This post courtesy of Explore Brooklyn, an all-inclusive guide to the businesses, neighborhoods, and attractions that make Brooklyn great.
Many know of Fort Hamilton as a neighborhood in South Brooklyn, but the actual fort is both a historic monument and an active military installation providing support for the Army National Guard and Army Reserve. The site has been used for military purposes as far back as 1776 and today, it’s the last active military post in New York City.
Fort Hamilton Community Club photo by Wikipedia.
The area where Fort Hamilton stands was first used for military purposes during the Revolutionary War, when a small American battery fired from here on British troops. With the War of 1812, it became apparent that the U.S. needed more coastal protection, and the cornerstone for Fort Hamilton was set in place in 1825. The fort is named after Alexander Hamilton, the Revolutionary War officer and first Secretary of the Treasury.
At the time, the fort had two goals: “The first was to support actions against enemy warships. Its second, and equally important role, was to defend itself and the other Narrows’ forts against land-based infantry attacks. If an enemy force could not neutralize the Narrows’ forts by sea, it could attempt siege operations or a direct assault from the interior.”
Shore at Fort Hamilton, Brooklyn, ca. 1872-1887, photo by Wikipedia
During World Wars I and II, Fort Hamilton provided coastal defense for New York City, and the fort’s location was used as a staging area for thousands of troops deploying overseas. In the 1960s, Fort Hamilton served as the home for the United States Army Chaplain and Chaplain Assistant School. Hundreds of Army and National Guard Chaplains and their assistants were trained here for active duty.
Fort Hamilton prior to World War II, photo by hamilton.army.mil
Fort Hamilton has served as a staging ground for various local relief efforts, including 9/11 and Hurricane Sandy.
Harbor Defense Museum photo by harbordefensemuseum.com
Many of the historic buildings of Fort Hamilton have been demolished, especially since the construction of the Verrazano-Narrows Bridge in the 1960s. The original fort building now houses the Community Club, a private club whose dues-paying members must be past or present miltary of federal employees.

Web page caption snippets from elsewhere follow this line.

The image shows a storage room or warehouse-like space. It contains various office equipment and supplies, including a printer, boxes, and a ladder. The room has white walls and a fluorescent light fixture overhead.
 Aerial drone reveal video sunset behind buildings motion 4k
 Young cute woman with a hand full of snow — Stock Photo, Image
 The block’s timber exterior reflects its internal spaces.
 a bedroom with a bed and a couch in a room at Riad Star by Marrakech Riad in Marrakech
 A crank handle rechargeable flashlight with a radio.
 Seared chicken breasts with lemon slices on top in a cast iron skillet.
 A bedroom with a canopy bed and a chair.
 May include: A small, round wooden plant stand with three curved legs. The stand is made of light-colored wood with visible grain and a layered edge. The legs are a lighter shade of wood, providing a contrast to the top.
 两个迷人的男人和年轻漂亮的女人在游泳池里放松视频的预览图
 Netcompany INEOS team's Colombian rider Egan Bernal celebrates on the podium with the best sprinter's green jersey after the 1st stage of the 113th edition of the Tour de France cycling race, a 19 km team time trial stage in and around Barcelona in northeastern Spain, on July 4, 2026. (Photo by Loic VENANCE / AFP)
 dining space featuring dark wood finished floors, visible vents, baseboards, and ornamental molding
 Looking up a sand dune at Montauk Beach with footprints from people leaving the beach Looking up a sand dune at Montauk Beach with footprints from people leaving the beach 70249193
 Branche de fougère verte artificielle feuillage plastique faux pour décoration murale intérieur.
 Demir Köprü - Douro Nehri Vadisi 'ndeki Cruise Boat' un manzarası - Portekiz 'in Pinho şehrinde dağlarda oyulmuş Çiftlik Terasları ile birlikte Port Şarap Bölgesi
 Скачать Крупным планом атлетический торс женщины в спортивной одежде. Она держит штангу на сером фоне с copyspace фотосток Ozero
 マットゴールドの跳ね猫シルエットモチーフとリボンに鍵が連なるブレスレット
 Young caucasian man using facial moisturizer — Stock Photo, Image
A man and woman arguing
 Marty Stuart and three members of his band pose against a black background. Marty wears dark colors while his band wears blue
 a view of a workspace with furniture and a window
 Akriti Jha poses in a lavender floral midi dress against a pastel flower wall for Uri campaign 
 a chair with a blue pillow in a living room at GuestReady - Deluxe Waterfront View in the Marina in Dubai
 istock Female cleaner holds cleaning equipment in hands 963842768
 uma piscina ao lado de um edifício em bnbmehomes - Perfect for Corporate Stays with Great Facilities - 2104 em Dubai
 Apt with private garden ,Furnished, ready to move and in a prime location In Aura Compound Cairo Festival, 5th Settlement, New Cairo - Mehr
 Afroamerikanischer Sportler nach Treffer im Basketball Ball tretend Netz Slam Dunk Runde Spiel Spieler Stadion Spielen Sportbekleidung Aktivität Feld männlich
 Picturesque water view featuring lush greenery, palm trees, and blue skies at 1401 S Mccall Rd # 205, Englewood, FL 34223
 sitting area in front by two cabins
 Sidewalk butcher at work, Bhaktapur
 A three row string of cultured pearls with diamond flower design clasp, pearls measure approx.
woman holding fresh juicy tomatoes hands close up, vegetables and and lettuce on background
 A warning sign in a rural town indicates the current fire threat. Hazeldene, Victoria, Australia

Fort Hamilton is also home to the Robert E. Lee House, where Lee resided while commander of the garrison, as well as Colonels’ Row, six historic townhouses that housed senior officers. The former caponier — a miniature fort guarding the main fort’s gate — is now the Harbor Defense Museum. The public can visit the museum, which showcases United States Army weapons, uniforms, small arms, cannons, and historic Fort Hamilton items.